The same trick can be used – just call Ceacabcbf;->init_decrypt()V in g;-><clinit>. However, g doesn’t have a <clinit> so you’ll have to add one:

1
2
3
4
5
6
.method static constructor <clinit>()V
.registers 0
invoke-static {}, Lxjmurla/gqscntaej/bfdiays/Ceacabcbf;->init_decrypt()V
return-void
.end method

Now, rebuild and let dex-oracle do it’s thing:

1
2
3
4
5
$ smali ass out -o xjmurla_mod2.dex
$ dex-oracle xjmurla_mod2.dex -i '/d'
Optimizing 11 methods over 23 Smali files.
Optimizations: string_decrypts=0, class_lookups=13, string_lookups=13
Time elapsed 3.099335 seconds

Let’s see if the decompilation looks any different.

1
2
3
$ d2j-dex2jar.sh xjmurla_mod2_oracle.dex
dex2jar xjmurla_mod1_oracle.dex -> ./xjmurla_mod2_oracle-dex2jar.jar
$ jd xjmurla_mod1_oracle-dex2jar.jar

deobfuscated strings and classes

There’s not much difference for this method, but other methods have a lot more information, especially in the Smali where you can see lots of const-classes. There’s still one call to g.c(int) which isn’t deobfuscated. I found out that this is because the method call succeeds but returns null. Maybe that’s why it’s in a try-catch? Maybe it’s trying to load a class which doesn’t exist on every Android API version?

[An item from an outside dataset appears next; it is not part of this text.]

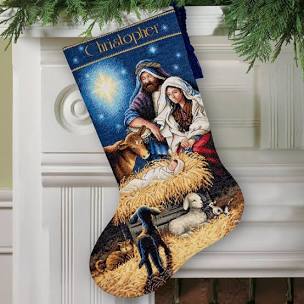 Holy Night Stocking Cross Stitch Kit 70-08838 Gold Collection by Dimensions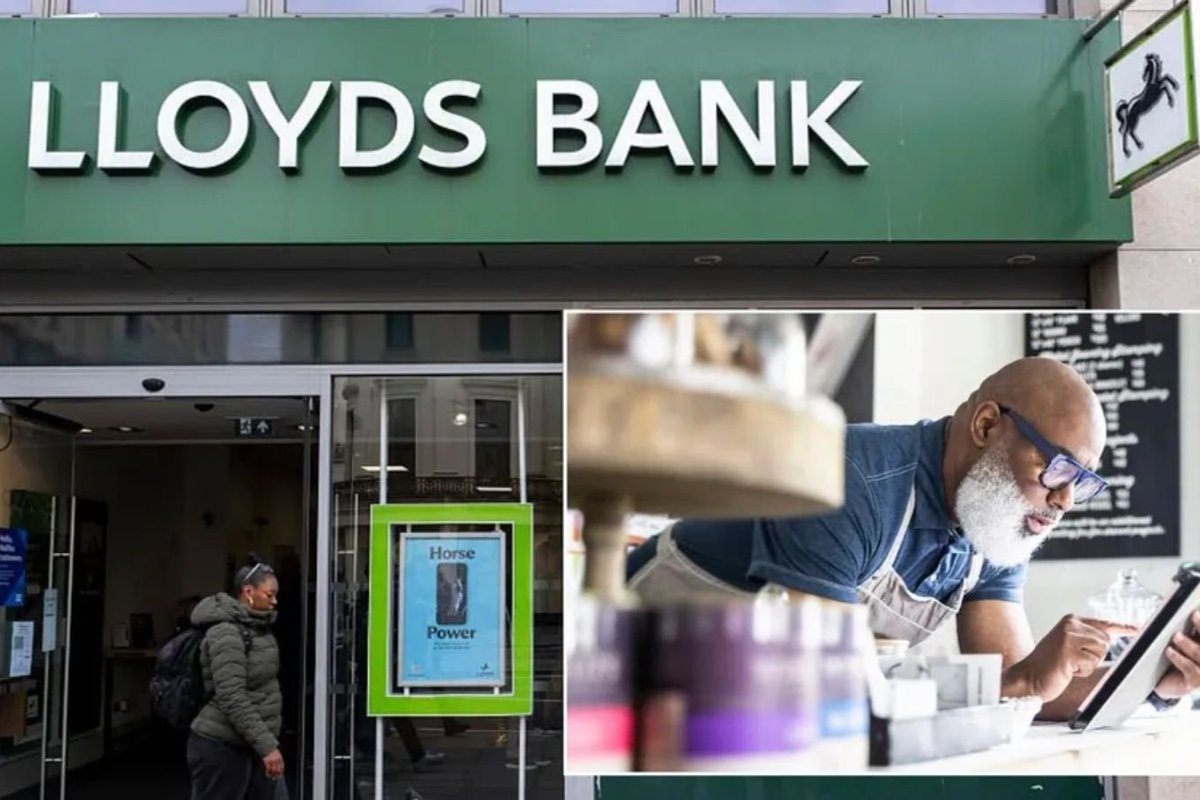 Lloyds Bank and man on device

One final test: run it against the entire DEX file.

1
2
3
4
$ dex-oracle xjmurla_mod2.dex
Optimizing 125 methods over 23 Smali files.
Optimizations: string_decrypts=0, class_lookups=354, string_lookups=330
Time elapsed 3.306326 seconds

It worked. Cool. Now there are lots of strings! This should also make it a lot easier for Simplify to work because there’s less code to execute and fewer places to fail.

Summary

Hopefully after reading this you have better idea of how to bend dex-oracle to suit your needs. It’s pretty flexible and great when you can isolate the code you need to run to a single method. Sometimes you need to make changes to an Android app to help dex-oracle, but modifying Smali is relatively easy to modify and a lot of malware doesn’t bother doing anti-tampering checks.